In "Step Up", Anju Jain, founder of Chai Pe, a platform for developing professional women, explains why gender disparity is an issue both at home and work, and how that can be changed.

 

She presents practical techniques in a simple matrix for women to use to become successful. According to Jain, an uncommitted leadership is the biggest reason for fewer women in organisations.

 

"You would agree that it is the top leaders, the ones in position of power, who can set the direction for the rest of the organisation to follow. For when the leadership wants something, it becomes a mandate and magically, all things fall in place.
 

"There is strong governance, people are held accountable, progress is monitored and there is an avid communication and recognition for a job well done," she writes in the book, published by Penguin Random House.

 

She says as a developmental psychologist and having dabbled in subjects of anthropology and sociology, and now as a business professional, she looks at women leadership contextually within the environment, they are embedded in.

 

"You would agree that we cannot look at women in isolation of their upbringing, their family and social circumstances.

 

"The book presents a holistic picture that explains how societies and role divisions have evolved, their impact on the present scenario and what can be done to enable a change going forward. I deliberate on the significant change agents and the partners to address the current scenario of missing women," she says.

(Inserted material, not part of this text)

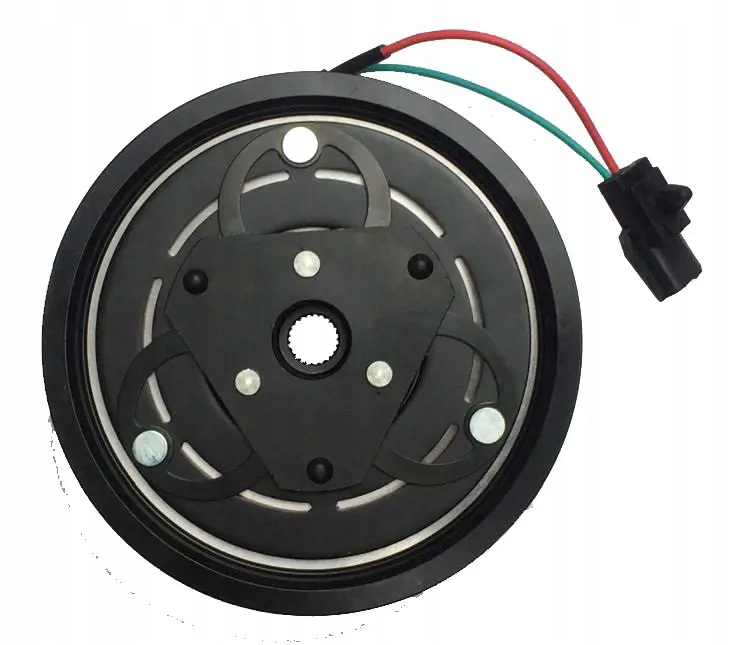 фото №1, Celcjusz сцепление кондиционера cr12sc renault fluence 8200816362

What are the critical strategies and the how-tos that women and their key partners can adopt in order to succeed?

Women, men, families, companies, media and the policymakers are integral to this discussion. All have to work in tandem if one truly wants a sustainable change.

"Much of the insights in the book are gleaned from my work experience and from the last four years of work at my company called Chai Pe, which offers a platform to develop professional women," says Jain.
 

"The name of the company in Hindi means 'over tea'. The intent of the name was to connote informality; learn and share with women and men over a cup of tea in a non-threatening environment, where you can be yourself and not worry about the repercussions of being honest and fearless.  "As part of it, I hosted interactive conversations with leaders, facilitated case studies especially curated for Indian women, and conducted immersive hands-on workshops to role-play difficult situations," she writes.


Collectively, these interactions gave Jain the foundation to her book.  "The participants included middle to senior management professionals who candidly shared their challenges, fears and
learning. Their insights were critical to my holistic understanding of the missing women scenario," she says.